O gang de Alfonso Capone obrigava os trabalhadores a sindicalizarem-se. Não era, já se vê, pelos lindos olhos dos trabalhadores, mas era porque a sindicalização do maior número proporcionava ao gang grossos rendimentos. O gang obrigava os trabalhadores a aderirem ao sindicato para meter ao próprio bolso o dinheiro das quotizações. E tinham preferências. Preferiam os sindicatos fabris, os dos transportes e os que enquadravam pessoal de bares e afins. Capone tinha um nº 2, Frank Nitti, encarregado do caso, quer dizer, obrigar os trabalhadores a sindicalizarem-se à força de ameaças – de morte inclusivé. Eram sindicatos livres, americanos, democráticos. Felizes.
Chicago, à época da Proibição, era um dos mais importantes centros cinematográficos da América. 1/5 dos filmes americanos dos anos 20 eram produzidos em Chicago e boa parte dos indivíduos que se tornaram grandes patrões em Hollywood eram oriundos de Chicago: Carl Laemmle, fundador da Universal Pictures; Adolph Zuckor, da Paramount; Leo Spitz, da RKO. A norte da cidade ficavam estúdios de filmagem de certa importância, e só não se produziam lá filmes de cow-boys por causa do mau tempo que assolava frequentemente a cidade.
Nos começos de Hollywood, os banqueiros mais conservadores entendiam o cinema como um sector proibido, por incapaz de fornecer garantias de retorno de um investimento – isso para além do irónico facto de ser domínio de judeus. Mas é o Banco de Itália o primeiro a aceder emprestar dinheiro aos empresários de Hollywood. E fá-lo na base de um princípio inatacável: àquele que controlar o negócio do cinema será dado o poder de controlar o pensamento do mundo inteiro - é por essa razão que os olhos deitados nestes meus textos, também e indirectamente, sobre a democracia americana nos seus desenvolvimentos já do século XX, passe essencialmente pela entidade emissora de ideologia, prática e comportamentos que é o cinema, que foi Hollywood.

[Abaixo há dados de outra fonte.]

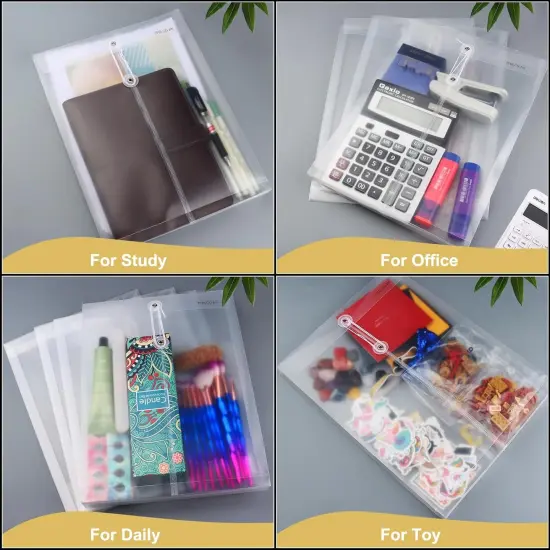 6 Pack Clear Plastic Envelopes with String Tie {2}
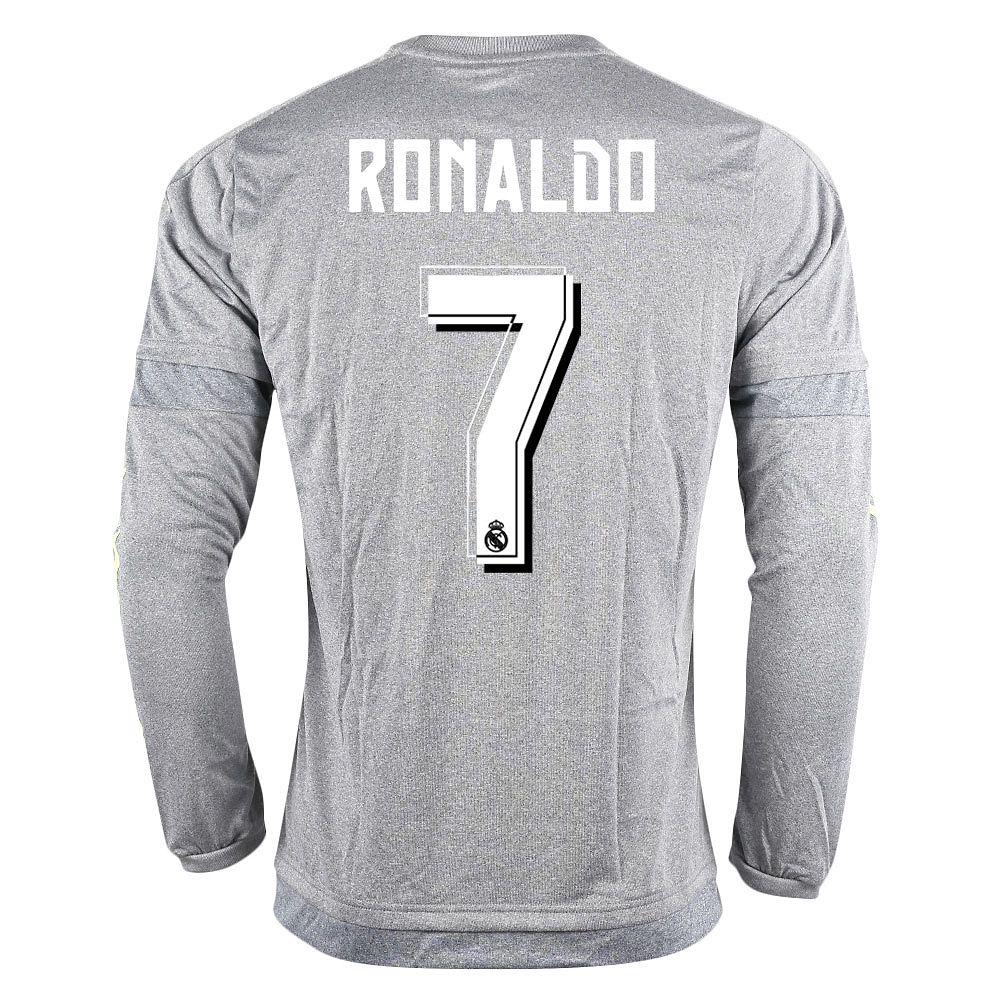 Camiseta 2ª Real Madrid 2015/2016 Ronaldo Manga Larga Gris - Fútbol Factory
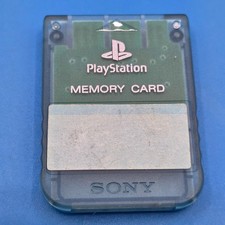 Sony PS1 PlayStation 1 Genuine Memory Card OEM Official 1mb Clear Smoke Grey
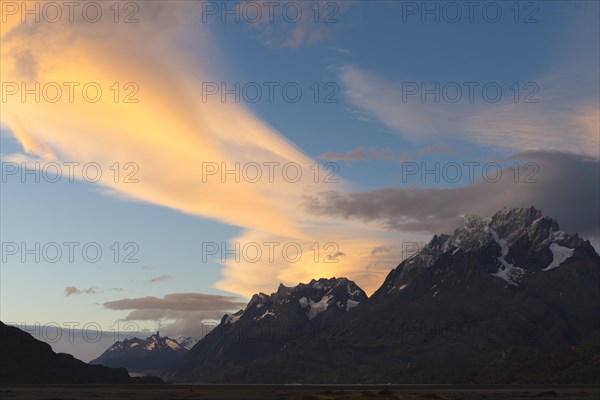 Cuernos del Paine and Lago Grey at sunset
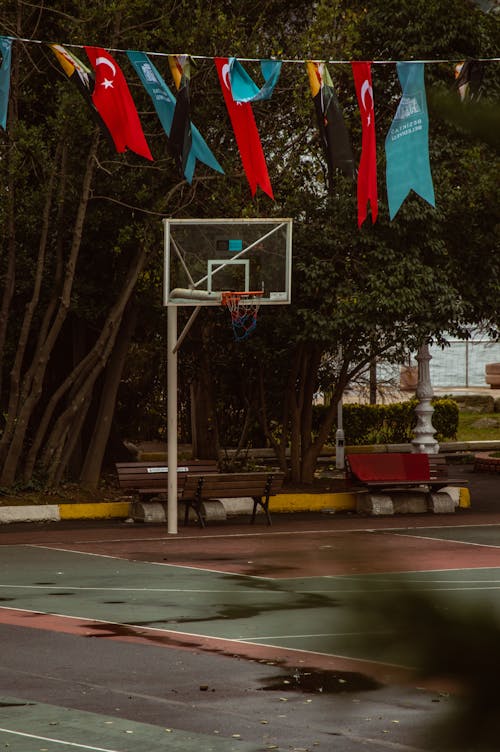 Photo of a Wet Basketball Court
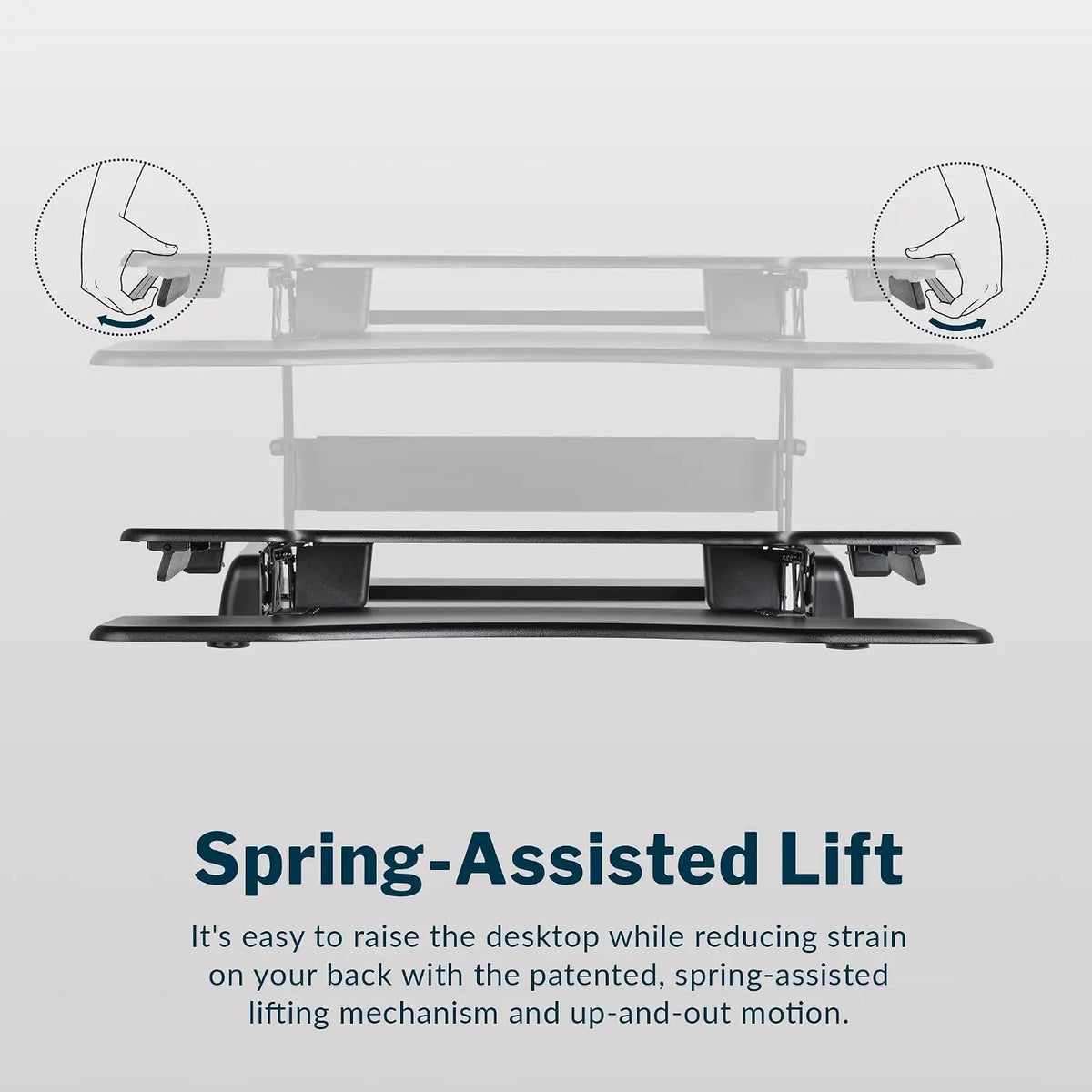 Adjustable Sit Stand Desk Converter With Multiple Height Settings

A Mafia compreendeu tudo muito cedo, e compreendeu que para os seus negócios era tão indispensável controlar Las Vegas como controlar Hollywood.
Dizem alguns analistas que o mundo do cinema, concretamente o mundo hollywoodesco, pode ser tão duro, ou mais, parecendo que não, do que o mundo marginal das mafias. O que não é de admirar quando sabemos da forte implantação dos mafiosos nesse mundo do cinema.
O certo é que tanto a Mafia como Hollywood, depois de infiltrada pela mesma Mafia, funcionavam como sociedades secretas, inexpugnáveis aos não-iniciados, aos estranhos, e onde reinava a mística da omertà siciliana, a lei do silêncio, o segredo.
Para dar uma fachada de respeitabilidade ao negócio, os primeiros magnates da indústria recorreram aos serviços do célebre inquisidor e censor William Hays – autor do chamado Código Hays que censurava moralmente os produtos de Hollywood. 
Acontece então, em 1920, na vida privada de uma estrela de então, o cómico Fatty Arbuckle, um escândalo que mete orgias sexuais e um assassinato. E é então que a indústria, para se proteger, deita mãos ao moralista Hays de modo a abafar o caso.
E os homens fortes de Hollywood perguntaram-se: se houve quem se saísse bem na vida a fazer todo o tipo de contrabando atrás da fachada legal de empresas de limpeza a seco, porque não usar esta técnica de disfarce com a indústria do cinema?


Aos 25 anos Alfonso Capone estava fabulosamente rico. Rico, mas entalado numa guerra de gangs. Rico mas histérico e esquizofrénico e bipolar e o mais que se quisesse, permanentemente a alterar a exaltação com o desespero. Rico, mas completamente agarrado pela cocaína.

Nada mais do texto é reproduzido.